Any Canon EF series Lens, is fully compatible with Canon Digital Bodies. And they are reverse compatible too! so you can use a new Image Stabilised EF lens on a real Film EOS body.
Canon put the IS in the lens so you can use it with film. Pentax put it in the body so you can use it with old glass.. your choice.
You cannot use Canon EF-S lenses for film or full frame Digital they are for small sensors only x1.6 crop.
Does the Canon accept lenses from the old 35mm film eos series?
Pentax AA batteries
Former owner of another Pentax DSLR that fed on AAs, I've never found common rechargeable batteries to be very convenient ; their full charge output is around 1.3 V, and drops quickly below 1.2, which tricks the camera to believe the set is nearing exhaustion while there are still a couple hundred pictures worth of juice left. The workaround is to quickly shutdown and restart the camera. It's fast enough not to be be too debilitating, but it's still annoying.
To avoid this, I used disposable lithium batteries on planned events. They output the correct Volt value, their discharge curve is almost flat (won't trigger the charge warning too soon), they have almost infinite shelf storage life, and they don't loose charge once they're taken out of the camera (you can take 300 pics on a set, swap out the batteries, put them back one year later and be good for another round of 300 pics - just note how much you used one set, and if you know how much one set is worth of pictures, you can know precisely how much pictures are left). Those batteries are also extremely light (half the weight of normal alcaline batteries).
Only drawback I can think of is price, about 10 € a set of 4. That's why I used conventional rechargeables for day to day, and those disposable for planned events only.
What's wrong with AAs?
I have the Pentax K-x. I'm surprised it won this after the less than enthusiastic review, but it is good camera. It's worth noting it will work with every Pentax lens ever made, including old manual primes that are available second hand very cheap, and it gives them all image stabilisation. It's low light performance is outstanding.

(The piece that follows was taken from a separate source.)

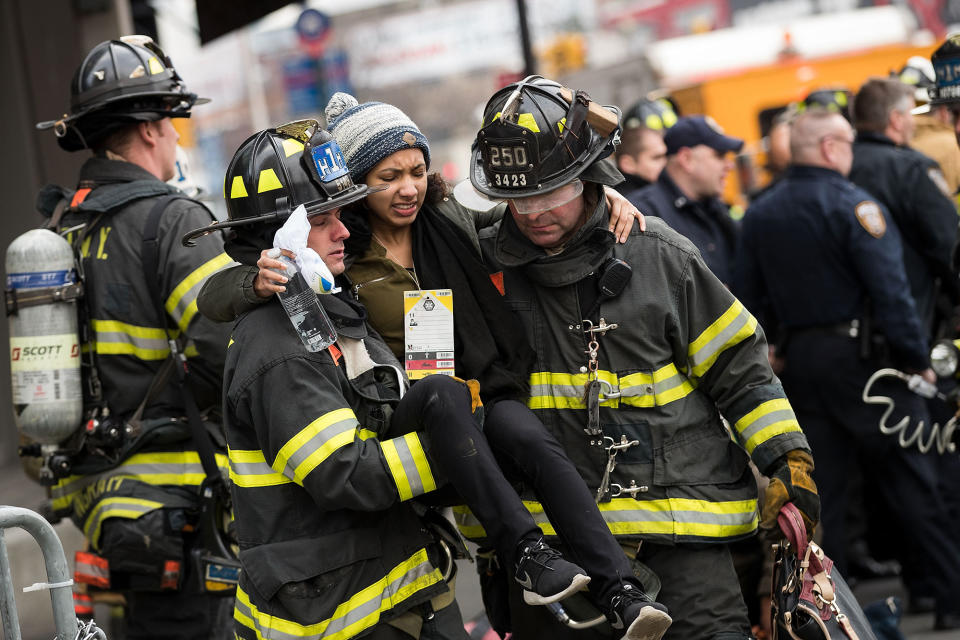 Long Island Rail Road commuter train derails in Brooklyn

I don't get why everyone hates AA batteries so much - AA is part of the reason I picked it. It can run on cheap and widely-available alkalines in a pinch, or lithium AAs if you need the long life and low temperature performance. Most of the time I use Eneloops which perform well and have low self-discharge. There's a big advantage to using a standard format. I have other kit which also uses AAs and shares the same charger. Lithium-ion batteries are proprietary, which makes it expensive to carry many spares. All batteries have a finite life, Li-ion are usually reckoned at 3-5 years and then you are at the mercy of the manufacturer if you want to replace it.
Pentax have just announced the K-r, which is the upgrade to the K-x and uses Li-ion by default with an AA option.

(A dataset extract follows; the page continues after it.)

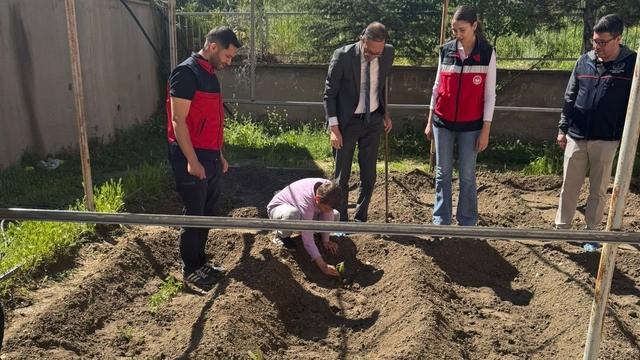 Emet'te minik eller toprakla buluştu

The 18-55mm kit lens is good, and you can also get the K-x bundled with a second kit lens of 55-300mm which is very good. It probably puts it out of the price range of this group, but is very good value if you want a telephoto; you can't do better without spending another £800 or more. Alternatively, the Tamron 18-250mm is pretty good as a superzoom if you don't want to be faffing about with changing lenses.